Brief = Which lines of the entries hold the string "desk"? Copy each one.

Task data =
::::::::

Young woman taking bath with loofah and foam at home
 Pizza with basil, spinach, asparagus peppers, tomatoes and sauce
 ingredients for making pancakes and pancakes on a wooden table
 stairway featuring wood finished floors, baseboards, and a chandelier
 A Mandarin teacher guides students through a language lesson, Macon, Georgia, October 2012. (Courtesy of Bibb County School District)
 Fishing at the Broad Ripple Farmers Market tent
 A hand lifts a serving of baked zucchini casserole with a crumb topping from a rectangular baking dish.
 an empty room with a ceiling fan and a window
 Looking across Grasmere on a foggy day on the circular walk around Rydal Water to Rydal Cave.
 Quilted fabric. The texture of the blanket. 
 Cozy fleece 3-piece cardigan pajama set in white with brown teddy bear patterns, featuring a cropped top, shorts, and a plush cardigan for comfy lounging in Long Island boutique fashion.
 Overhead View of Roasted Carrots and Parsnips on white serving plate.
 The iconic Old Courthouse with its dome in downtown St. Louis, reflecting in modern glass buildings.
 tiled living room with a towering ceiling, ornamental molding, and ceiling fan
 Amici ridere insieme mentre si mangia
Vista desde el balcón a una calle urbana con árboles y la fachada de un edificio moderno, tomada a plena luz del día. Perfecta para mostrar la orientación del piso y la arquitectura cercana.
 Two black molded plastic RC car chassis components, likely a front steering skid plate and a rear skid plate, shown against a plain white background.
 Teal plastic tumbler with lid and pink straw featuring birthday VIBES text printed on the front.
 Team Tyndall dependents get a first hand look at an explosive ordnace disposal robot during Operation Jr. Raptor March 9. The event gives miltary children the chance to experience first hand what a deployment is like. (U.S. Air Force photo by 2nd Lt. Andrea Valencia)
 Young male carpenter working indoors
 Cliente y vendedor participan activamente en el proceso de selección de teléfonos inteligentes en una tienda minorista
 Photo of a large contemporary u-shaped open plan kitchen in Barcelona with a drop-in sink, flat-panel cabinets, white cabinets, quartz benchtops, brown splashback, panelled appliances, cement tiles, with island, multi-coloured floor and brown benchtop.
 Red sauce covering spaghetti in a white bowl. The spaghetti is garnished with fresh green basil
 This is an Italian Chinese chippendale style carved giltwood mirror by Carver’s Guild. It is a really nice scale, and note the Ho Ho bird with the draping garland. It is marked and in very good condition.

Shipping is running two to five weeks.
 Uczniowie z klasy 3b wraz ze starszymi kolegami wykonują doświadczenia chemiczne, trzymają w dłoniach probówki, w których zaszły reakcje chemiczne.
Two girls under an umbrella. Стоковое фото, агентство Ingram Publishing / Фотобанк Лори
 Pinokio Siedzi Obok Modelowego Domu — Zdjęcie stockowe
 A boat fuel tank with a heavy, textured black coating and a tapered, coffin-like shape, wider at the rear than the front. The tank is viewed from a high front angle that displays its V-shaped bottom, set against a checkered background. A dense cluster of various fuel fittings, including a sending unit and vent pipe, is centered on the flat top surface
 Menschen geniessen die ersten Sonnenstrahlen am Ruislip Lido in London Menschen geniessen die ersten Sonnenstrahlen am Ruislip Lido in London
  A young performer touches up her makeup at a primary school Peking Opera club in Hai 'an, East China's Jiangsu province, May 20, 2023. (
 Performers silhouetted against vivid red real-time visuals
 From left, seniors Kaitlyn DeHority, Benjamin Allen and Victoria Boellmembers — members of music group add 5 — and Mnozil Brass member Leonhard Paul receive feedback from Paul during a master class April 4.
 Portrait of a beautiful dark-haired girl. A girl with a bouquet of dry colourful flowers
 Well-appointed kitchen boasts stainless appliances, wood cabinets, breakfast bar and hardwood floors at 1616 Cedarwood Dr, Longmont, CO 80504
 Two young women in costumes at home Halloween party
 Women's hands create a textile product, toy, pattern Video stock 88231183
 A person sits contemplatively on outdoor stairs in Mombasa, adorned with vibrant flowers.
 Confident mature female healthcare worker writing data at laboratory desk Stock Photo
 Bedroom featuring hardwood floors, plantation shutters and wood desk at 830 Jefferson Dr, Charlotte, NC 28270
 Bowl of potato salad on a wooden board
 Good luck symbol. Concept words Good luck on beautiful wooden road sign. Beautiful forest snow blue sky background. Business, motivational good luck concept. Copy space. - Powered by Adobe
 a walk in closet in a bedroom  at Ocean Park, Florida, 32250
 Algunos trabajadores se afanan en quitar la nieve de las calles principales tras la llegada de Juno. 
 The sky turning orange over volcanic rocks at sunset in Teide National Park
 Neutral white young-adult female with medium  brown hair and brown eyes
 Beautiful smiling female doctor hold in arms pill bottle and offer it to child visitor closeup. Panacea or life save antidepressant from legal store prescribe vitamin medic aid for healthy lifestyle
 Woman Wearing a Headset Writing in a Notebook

::::::::

Solution to the problem =
 Confident mature female healthcare worker writing data at laboratory desk Stock Photo
 Bedroom featuring hardwood floors, plantation shutters and wood desk at 830 Jefferson Dr, Charlotte, NC 28270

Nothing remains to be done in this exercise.